Discharge from hospitals to skilled nursing facilities (SNFs) represents a challenging and potentially dangerous care transition due to gaps in communication and changes in providers, different medication formularies, and misaligned treatment plans. Due to their high burden of co-morbidities, multiple medications, and impaired adaptive mechanisms, older adults are particularly vulnerable to adverse outcomes. In response to this health care challenge, hospitalists and geriatricians at Beth Israel Deaconess Medical Center (BIDMC) developed a novel video-communication program called ECHO-CT (Extension for Community Healthcare Outcomes-Care Transitions).

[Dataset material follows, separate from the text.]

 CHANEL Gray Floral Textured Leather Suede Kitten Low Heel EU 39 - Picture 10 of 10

ECHO-CT uses a multidisciplinary case-based model to connect hospital-based physicians, social workers and pharmacists with post-acute care providers, to enhance communication and improve care transitions of elderly patients discharged to SNFs. Our pilot outcome data show that compared to matched control facilities undergoing usual care, those participating in ECHO-CT had significantly lower 30-day readmission rates (Odds Ratio 0.57; 95% CI 0.34 ? 0.96; p=0.0353), lower 30-day total healthcare costs ($2,602.19 lower; 95% CI -$4,133.90- -$1,070.48; p=0.0009), and shorter average lengths of stay at the SNF (- 5.52 days; 95% CI -9.61- -1.43; p=0.0081). However, we do not know whether these results can be replicated when compared to a national sample, whether patient safety is improved, nor whether the ECHO-CT program can be exported to other hospitals and post-acute care facilities. Therefore, in this proposal we aim to determine the effect of a weekly video-technology-enabled communication between acute hospital-based and SNF-based providers on improving care transitions, reducing adverse outcomes, preventing rehospitalizations, and reducing total health care costs for vulnerable elderly Medicare beneficiaries.

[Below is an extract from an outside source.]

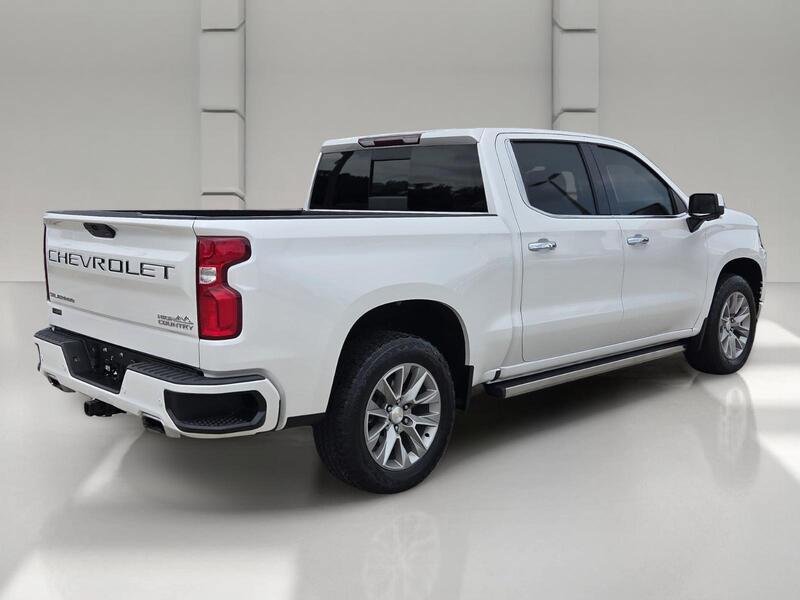 Used 2022 Chevrolet Silverado 1500 High Country w/ Z71 Off-Road Package AWD/4WD image 5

Our specific aims are to: 1) replicate the ECHO-CT program on a larger scale in a tertiary and community-based hospital network of SNFs; 2) test the hypothesis that SNFs participating in the ECHO-CT intervention will demonstrate: a) fewer 30-day hospital readmissions, b) lower 30-day health care costs, c) shorter lengths of stay in the SNF, and d) fewer adverse safety outcomes compared to Medicare patients in a large group of similar New England SNFs; and 3) assess operational challenges and stakeholder satisfaction with the ECHO-CT program and use this information to develop the protocols and tools necessary for the future dissemination of ECHO-CT to other medical centers. The expertise of our team at Harvard Medical School and availability of Medicare Claims and Minimum Data Set data from Brown University will help assure the project?s success.

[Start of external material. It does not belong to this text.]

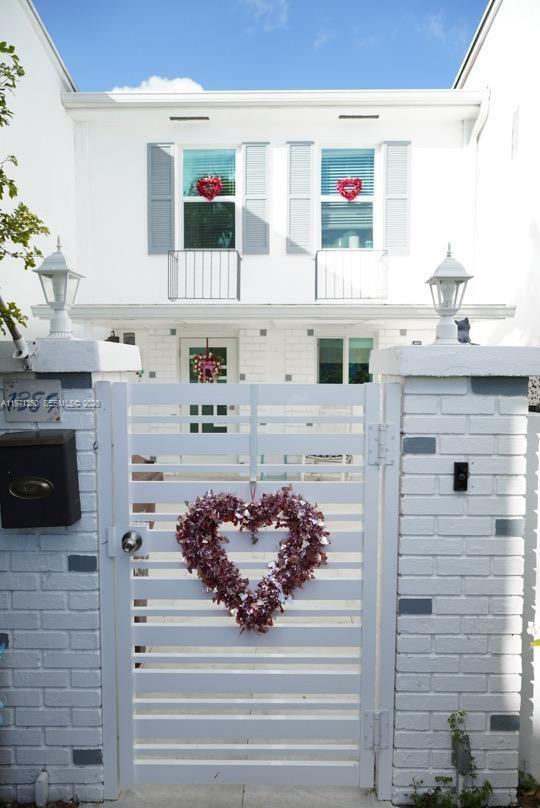 Foto del edificio - 1389 W 71st St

If this project demonstrates that ECHO-CT can be replicated in a tertiary and community-based hospital and leads to safer transitions of care, fewer hospital readmissions, and reduced health care costs compared to conventional patient transition practices, we will disseminate instructional materials and toolkits to hospitals, SNFs, and health care organizations nationwide. This may ultimately reduce the high rates of adverse events, medication errors, and rehospitalizations that are currently associated with transitions in care.